Source material =
= = = = = = =

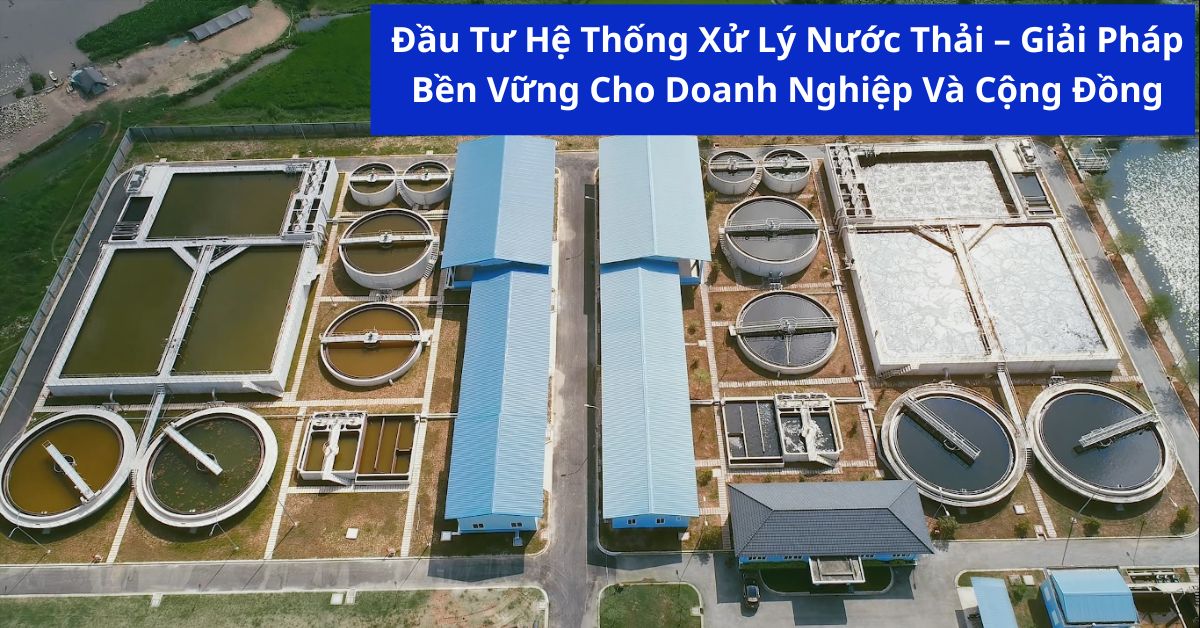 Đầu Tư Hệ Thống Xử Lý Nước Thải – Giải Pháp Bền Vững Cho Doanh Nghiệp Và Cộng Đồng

= = = = = = =

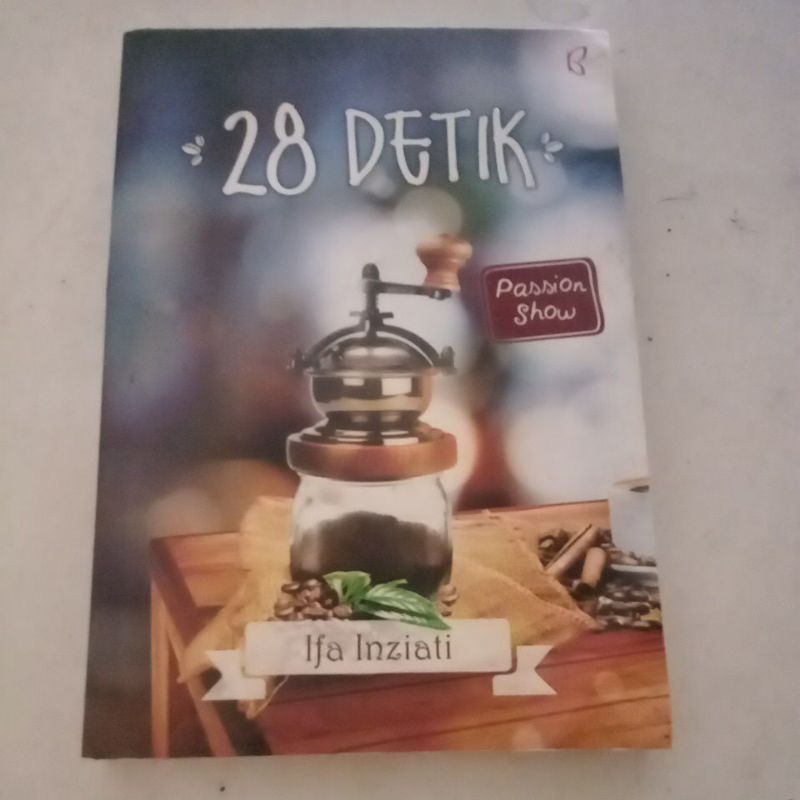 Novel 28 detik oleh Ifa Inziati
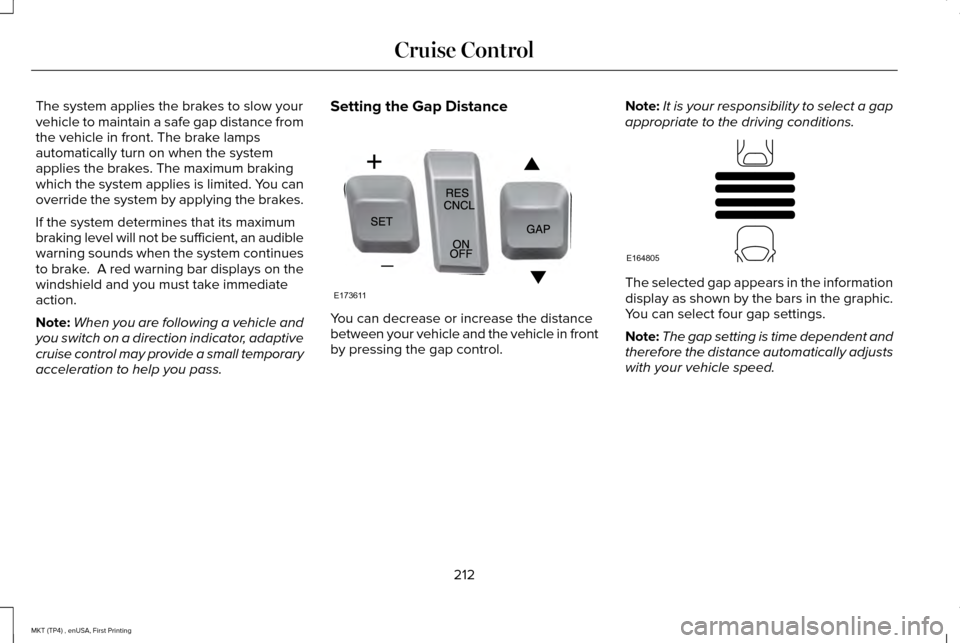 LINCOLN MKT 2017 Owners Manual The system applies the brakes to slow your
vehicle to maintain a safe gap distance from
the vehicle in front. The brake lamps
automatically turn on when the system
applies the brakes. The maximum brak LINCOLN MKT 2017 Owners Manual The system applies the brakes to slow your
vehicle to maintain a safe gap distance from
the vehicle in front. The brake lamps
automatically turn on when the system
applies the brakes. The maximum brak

= = = = = = =

Problem to solve = Each line of the material with the word "maximum" in it should be listed.

Result =
applies the brakes. The maximum brak LINCOLN MKT 2017 Owners Manual The system applies the brakes to slow your
applies the brakes. The maximum brak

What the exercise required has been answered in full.